Pétrole et gaz: des engagements limités compte tenu du point de départ
Mis de côté ses activités d’investissements où aucune nouvelle annonce n’a été faite par Generali, ses nouveux engagements pétrole et gaz concernant les couvertures d’assurance au secteur représentent une avancée positive, même si ses activités ne sont pas alignées avec l’Accord de Paris. Elles restent encore insuffisantes pour répondre aux enjeux climatiques actuels, à un moment où même l’AIE dit qu’aucun nouveau projet ne doit plus être financé pour rester sur une trajectoire net-zéro pour 2050.

Generali s’engage en effet à ne plus assurer d’opération (production et exploration) à la fois dans les gaz et pétrole de schiste, ni dans les hydrocarbures en Arctique (en plus de ses engagements précédents sur les sables bitumineux). Ceci est une nouvelle étape bienvenue. Cependant, étant donné que Generali avait déjà une exposition limitée à l’ensemble du secteur du pétrole et gaz qui représente moins de 0.1% de ses couvertures d’assurance, il sous-performe.

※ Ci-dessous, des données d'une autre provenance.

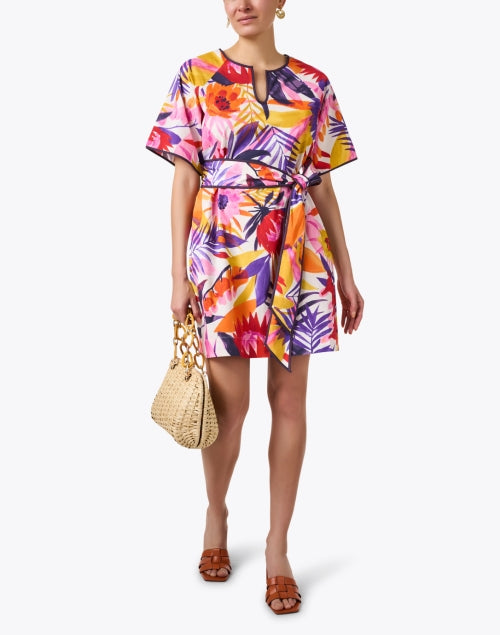 Stylish Doris Multi - Printed 100% Cotton Women's Dress for Warm Weather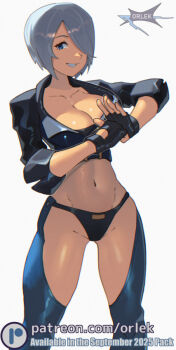  1girl angel_(kof) blue_eyes breasts female_focus gloves huge_breasts jacket large_breasts leather looking_at_viewer orlek orlek_ pale_skin panties shiny_skin short_hair smile smiley_face standing the_king_of_fighters thick_thighs thighs underwear white_hair wide_hips 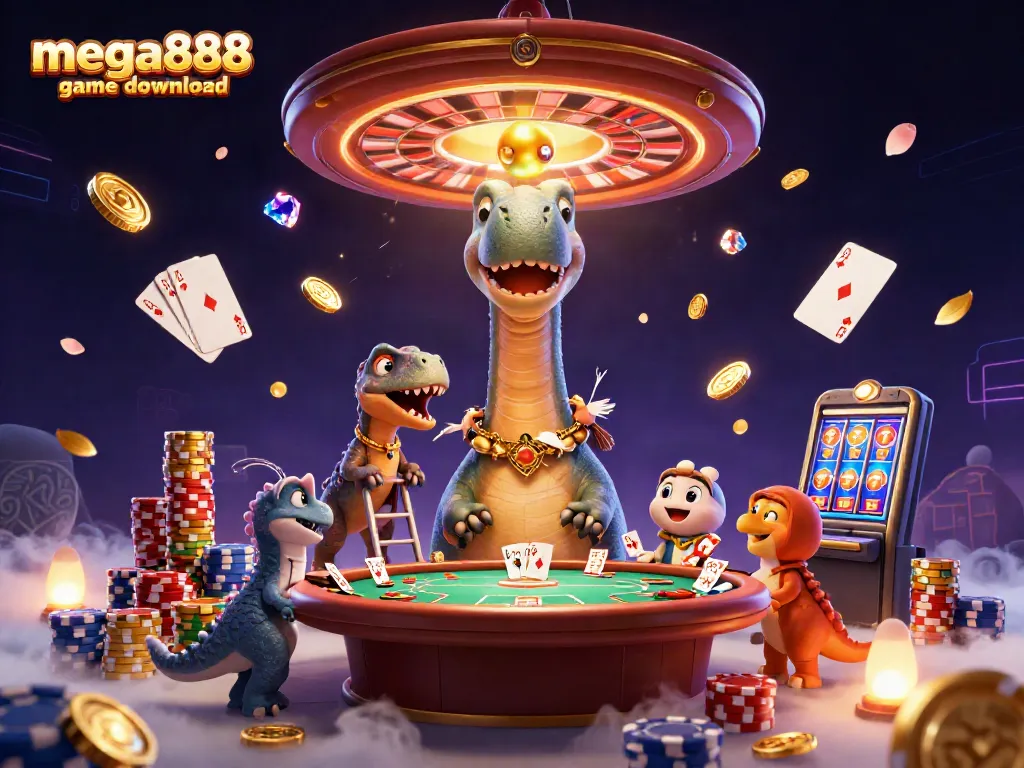 Experience thrilling mega888 game download with a playful prehistoric twist in a vibrant casino setting.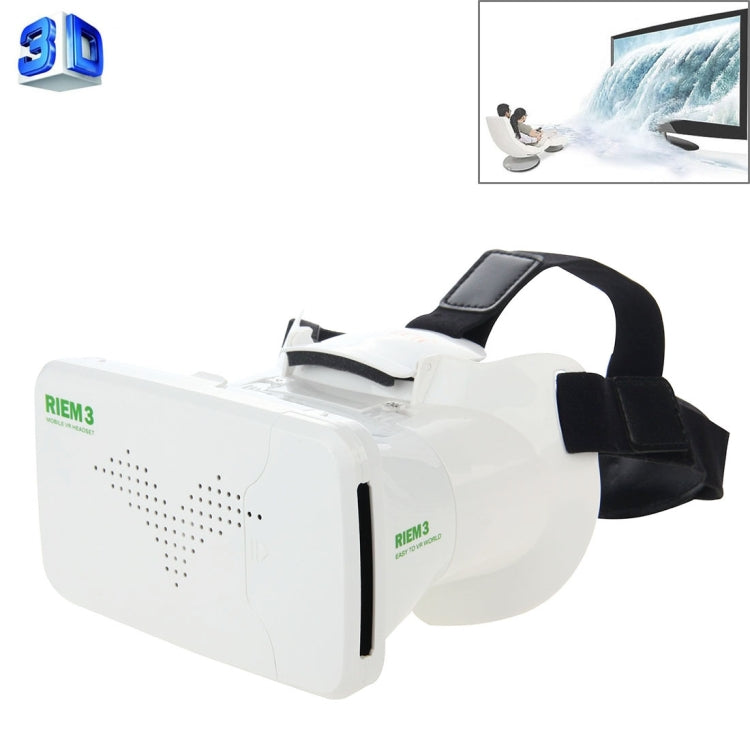 RITECH RIEM 3 Universal Virtual Reality 3D Video Glasses for 3.5 to 6 inch Smartphones(White)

Generali devrait donc maintenant s’engager à stopper l’ensemble de ses projets d’expansion à la fois pour les secteurs conventionnels et non-conventionnels, et à s’engager sur une date de sortie définitive du secteur. C’est par exemple ce sur quoi Suncorp Insurance s’est engagé d’ici 2025 au plus tard.

Conclusion

Les nouvelles exclusions adoptées par Generali marquent une amélioration importante de sa stratégie de long terme pour atteindre une exposition charbon zéro pour ses activités d’investissement. L’adoption d’une date de sortie définitive du charbon pour ses activités d’assurance est aussi bienvenue.

Cependant, pour ce qui est de ses mesures immédiates d’exclusion, les annonces de Generali auraient pu être plus ambitieuses: trop de lacunes demeurent. Le fait que Generali ne s’engage pas à arrêter tout soutien financier aux développeurs de charbon est l’une d’elles. La prochaine étape est donc logiquement d’appliquer les mêmes politiques d’exclusion qu’Allianz ou Axa, qui excluent ces développeurs, ou à minima d’appliquer sa nouvelle politique investissement (plus ambitieuse) à ses activités d’assurance. Generali doit aussi rapidement adopter une politique d’exclusion pour sa filiale de gestion d’actif, Generali investments qui n’a toujours aucune politique d’exclusion charbon plus de 5 ans après la signature de l’Accord de Paris.

Le constat est identique pour le secteur du pétrole et gaz: compte tenu de son point de départ, Generali aurait pu être plus ambitieux que simplement exclure les couvertures d’assurances à trois sous secteurs des pétrole et gaz non-conventionnels.